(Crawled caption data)
== Segment start ==
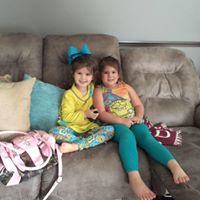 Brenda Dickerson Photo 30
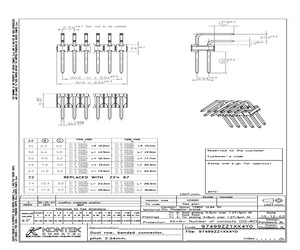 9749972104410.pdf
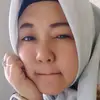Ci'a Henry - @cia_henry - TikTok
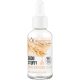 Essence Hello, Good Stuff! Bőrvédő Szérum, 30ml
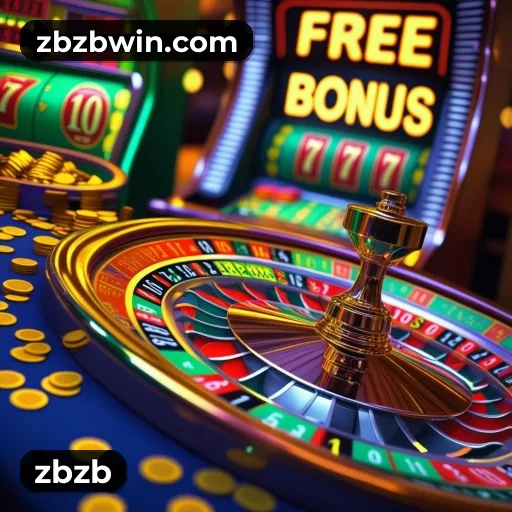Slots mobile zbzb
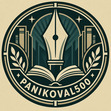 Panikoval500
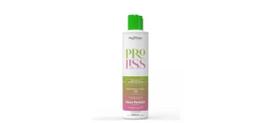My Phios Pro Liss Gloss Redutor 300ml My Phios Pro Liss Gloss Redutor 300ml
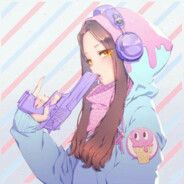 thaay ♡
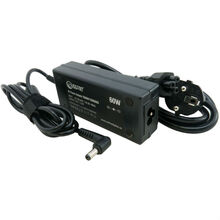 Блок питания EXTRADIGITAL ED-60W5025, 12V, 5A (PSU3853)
== Segment end ==
Requirement —
In the data above, the line containing "9749972104410.pdf" and all lines after it are to be reproduced exactly, leaving out the pictures.

Task response —
 9749972104410.pdf
Ci'a Henry - @cia_henry - TikTok
 Essence Hello, Good Stuff! Bőrvédő Szérum, 30ml
Slots mobile zbzb
 Panikoval500
My Phios Pro Liss Gloss Redutor 300ml My Phios Pro Liss Gloss Redutor 300ml
 thaay ♡
 Блок питания EXTRADIGITAL ED-60W5025, 12V, 5A (PSU3853)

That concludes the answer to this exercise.